-- Information supplied follows --

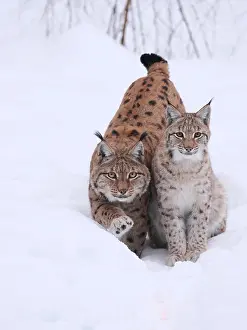 040319: European Lynx-old and young one close together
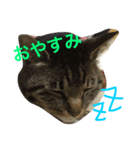 きょろ！（個別スタンプ：9）
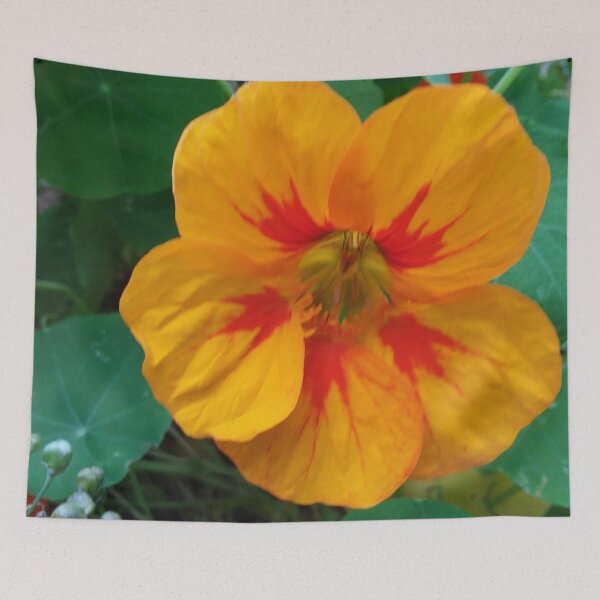 Item preview, Nasturtium still blooms in Autumn designed and sold by edwardtiptonart.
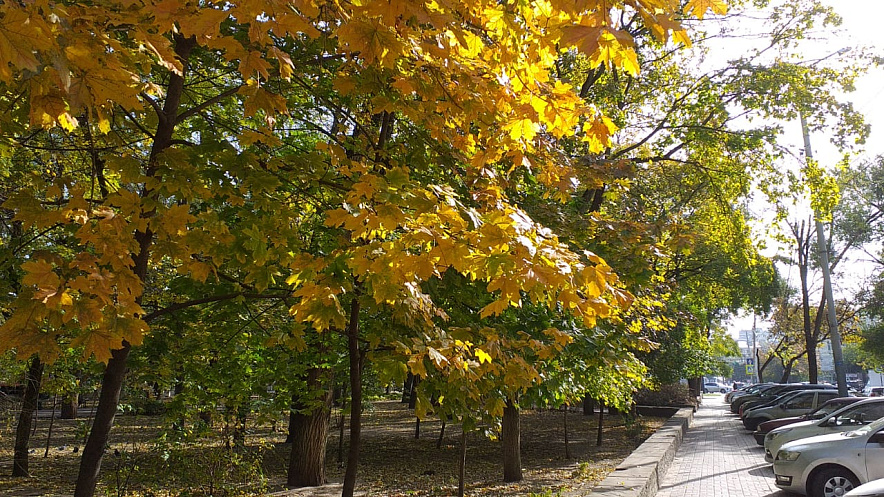 Фото: 1rnd.ru Фото: 1rnd.ru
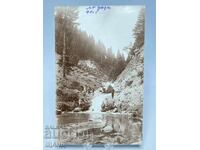 1930 Cartelă Fotografie Căprior Pădure Cascada Râu Munte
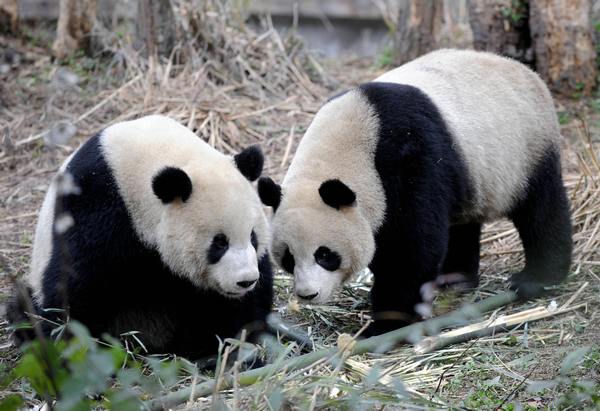 Гигантские панды (Tuan Tuan) и (Yuan Yuan). Фото: SAM YEH/AFP/Getty Images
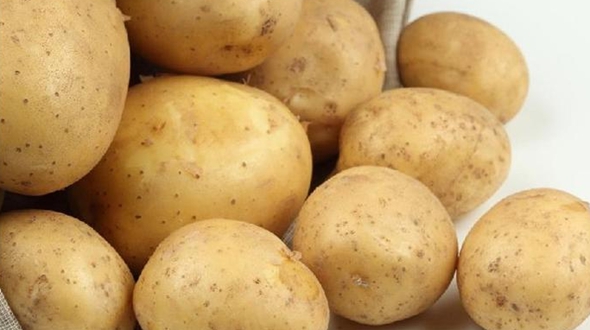 Провинция Хэйлунцзян оказывает финансовую поддержку местным предприятиям, занимающимся выращиванием и экспортом картофеля в Россию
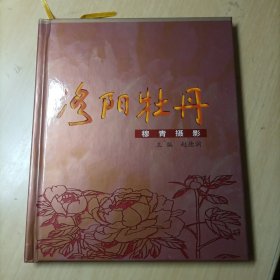 洛阳牡丹:穆青摄影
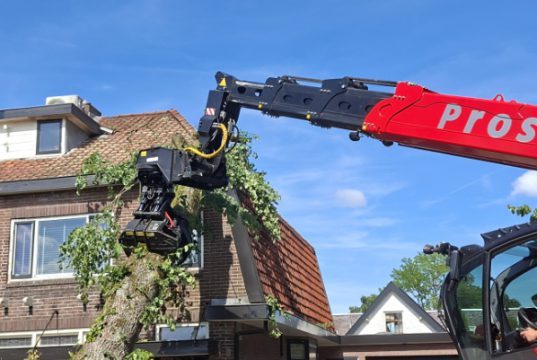 Boom na twee dagen van woning verwijdert in Soesterberg Boom na twee dagen van woning verwijdert in Soesterberg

-- Information supplied concluded --

**How to complete this task:**
Transcribe exactly and only the lines from the top of the records through the line containing "Гигантские панды (Tuan", inclusive, and do not copy the pictures.

**The answer:**
 040319: European Lynx-old and young one close together
 きょろ！（個別スタンプ：9）
 Item preview, Nasturtium still blooms in Autumn designed and sold by edwardtiptonart.
 Фото: 1rnd.ru Фото: 1rnd.ru
 1930 Cartelă Fotografie Căprior Pădure Cascada Râu Munte
 Гигантские панды (Tuan Tuan) и (Yuan Yuan). Фото: SAM YEH/AFP/Getty Images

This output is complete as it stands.